Eski ÇKP lideri Jiang Zemin, “Üç Temsil” teorisini önerdikten ve bunu Parti tüzüğüne dahil ettikten sonra, ÇKP içindeki sol görüşlüler bu politikadan tatmin olmadılar. Zhongliu, 2001 yılının Temmuz ayında Jiang'ı eleştiren bir makale yayınladıktan sonra, dergi bir sonraki ay askıya alındı.

Jiang, “'En Sevilen İnsanlar Kimdir' kitabının yazarının şimdi 'En Acınası Kişi Kimdir' adlı bir makale yazabileceğini hayal etmek zor” dedi. "Bana göre en nefret edilen kişi odur."

Wei daha sonra ev hapsine alındı; “En Sevilen İnsanlar Kimler?” başlıklı makalesi de ders kitaplarından kaldırılmıştır.

Wei Wei, Çin Komünist Partisini (ÇKP) tanıtan kızıl bir yazardır.

Wei'nin belgelediği kahramanlar da benzer sıkıntılar yaşadı. Zhang Lichun, “En Sevilen İnsanlar Kimdir”de kilit bir figür olan Xiao Huzi'nin arkasındaki ilham kaynağıydı. Sekiz savaşın gazisi olmasına rağmen, Zhang sonraki yıllarında oldukça mutsuzdu. Wei, 2005 yılında 81 yaşındaki Zhang ile tanıştığında, Zhang'ın yetkililer tarafından tuzağa düşürüldüğünü ve 5 yıl hapis yattığını öğrendi.

İşleri daha da zorlaştırmak adına, Zhang ve karısının işerini kaybetmeleri sağlandı. İki oğulları da iş bulamamış ve en küçük çocukları olan kızı açlıktan ölmüştü. Zhang, geçimini sağlamak için 30 yıldır ayakkabı tamir eden bir sokak satıcısı olarak çalışıyordu.

Wei ve Zhang, ÇKP'nin “kahramanları” hikayeleri arasında buzdağının sadece görünen kısmıdır.

Çinli bir netizen, “En sevilen kişinin en zavallı kişi haline gelmesi çok üzücü” diye yazdı.

Bir diğeri, "Kore Savaşı'na, Hindistan Savaşı'na ve Vietnam Savaşı'na katılan piyadelerin çoğu yaşlılıkta yoksul ve çaresiz kaldı" diye ekledi. "Parti onlara paçavra gibi davrandı, kullandıktan sonra çöpe attı."

Kahraman mı, Hain mi?

Yingxiong Ernu (Kahraman Oğulları ve Kızları), Çin'de Kore Savaşı olaylarını anlatan klasik bir ÇKP propaganda filmiydi.
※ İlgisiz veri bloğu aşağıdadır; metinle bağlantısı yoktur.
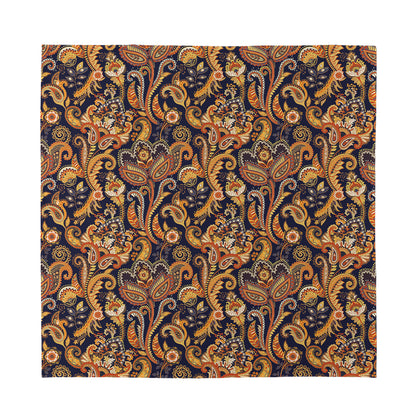 Gold And Blue Paisley Pattern Print Silk Bandana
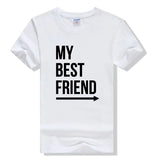 T-Shirt Meilleure Amie Pas Cher My Best Friend Blanc Flèche Droit - MatchingMood
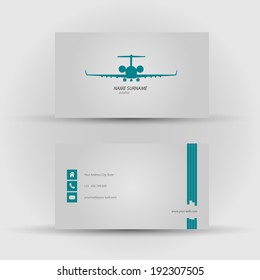 Set of modern vector business card template - front and back side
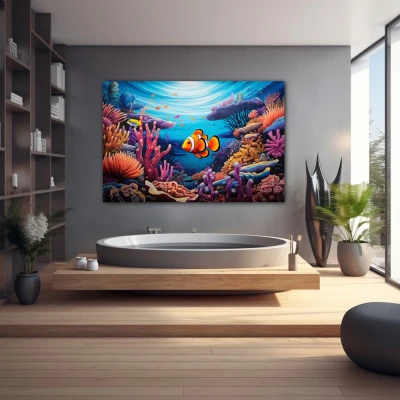 Cuadro arrecife de vida en formato horizontal con colores azul, celeste, naranja; decorando pared de spa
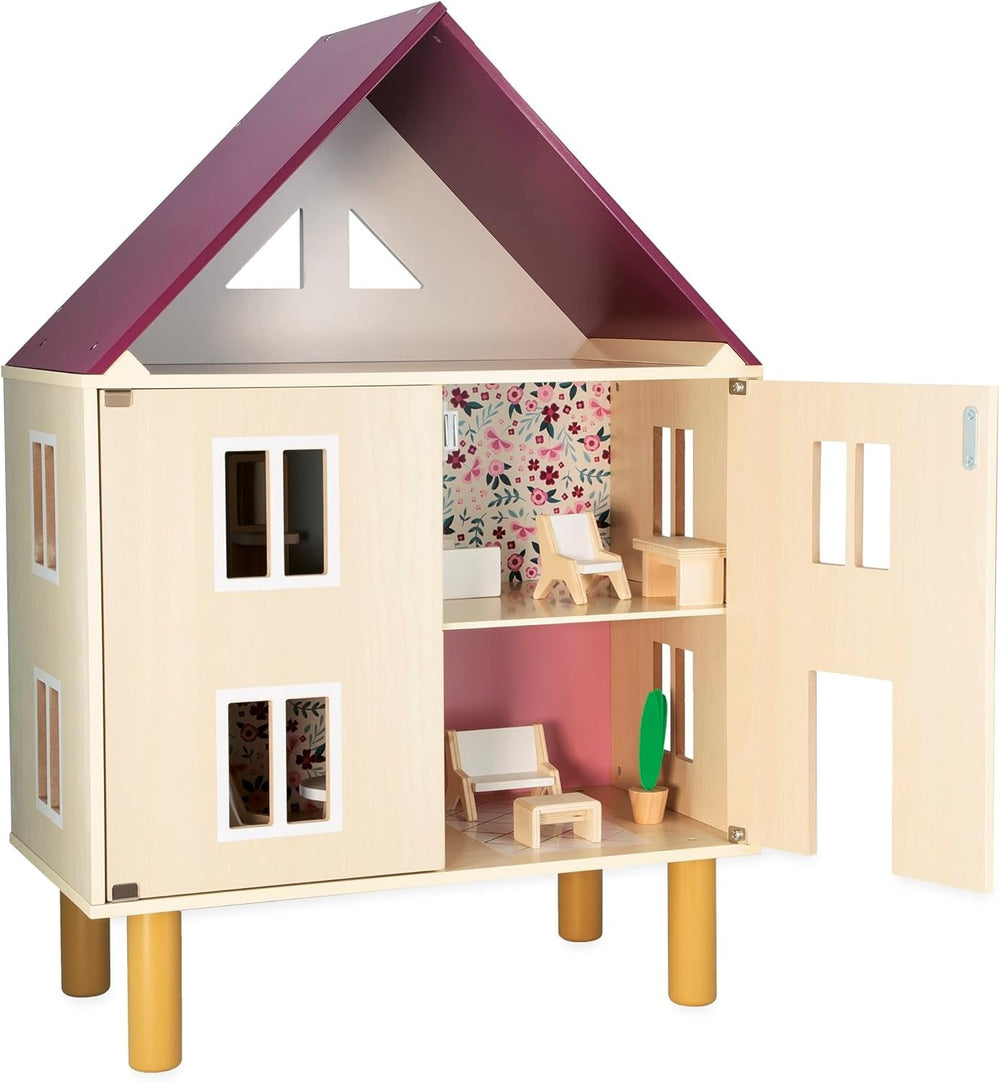 Janod Mademoiselle Maison de poupée en bois 3 étages et 11 accessoires Réplique jouet Développe l'imagination à partir de 3 ans J06581 Rose Maisons de poupée Naty Shop Twist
Hal böyle olunca da gerçeklerden uzaktı ancak ana karakter bu gerçeği açıklamaya cesaret edemedi.

Filmde, kahramanı Wang, ayakta kalan son adam olana kadar Birleşmiş Milletler güçlerine karşı savaştı. Telsizine, “Savaşı kazanmak için bana ateş edin!” diye bağırdıktan sonra. bir patlayıcı fişeği kaptı ve bir grup Amerikan askerinin üzerine atladı ve patlama sırasında onları da yanına aldı.
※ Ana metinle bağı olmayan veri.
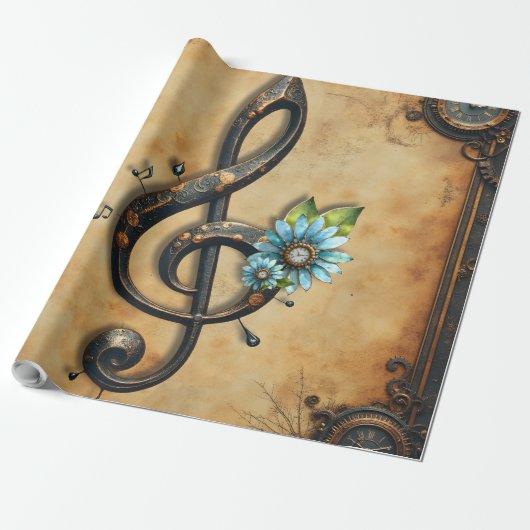 Mechanical  clef  cadeaupapier (Uitgerold)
Wang'ın karakterinin dayandığı Jiang Qingquan'a göre, telsizde seslendiği şey şuydu: “Düşman şimdi benden 50 yarda, 30 yarda, 10 yarda! Sığınak çatıma ateş edin!”

Ama bu hikayenin sonu değildi. Çinli yetkililer ve medya filmi aktif olarak tanıtırken, Jiang'ın ölmediğini çabucak öğrendiler; daha ziyade düşman tarafından tutsak edilmişti ve iade edilen savaş esirleri listesindeydi. Birleşmiş Milletler güçleri 20.000'den fazla ÇKP askerini ele geçirdi. Çoğu Tayvan'a gitmeye karar verdi; Jiang dahil sadece 6.670 kişi Çin anakarasına geri dönmeye karar verdi.

Jiang ve yoldaşları, döndükten hemen sonra siyasi davalarla karşı karşıya kalmayı beklemiyorlardı. Bunun nedeni ÇKP'nin onların tutsaklığını kabul etmemek için onları kaçak olarak etiketlemesidir. Jiang Parti'den bir uyarı yaptırımı alırken, diğerleri o kadar şanslı değildi: 700 kişi ordudan ihraç edildi, 4.600’ü kısmi askeri statüye indirildi ve 2.900 ÇKP üyesinin çoğunluğu Partiden ihraç edildi.

Jiang Qingquan, “hain” geçmişine sahip bir kahraman

Jiang, deneyiminin bu kısmından başkalarına, karısına ve çocuklarına bile bahsetmeye cesaret edemedi. Yingxiong Ernu'yu izlediğinde birçok kez ağladı. Karısı nedenini sordu, ama cevap vermeyi reddetti.

Yıllar sonra, “O yıllarda bunu nasıl gündeme getirebilirim? Bu konuda konuşsaydım ve başkalarına yakalandığımı söyleseydim, ölmüş olurdum” dedi.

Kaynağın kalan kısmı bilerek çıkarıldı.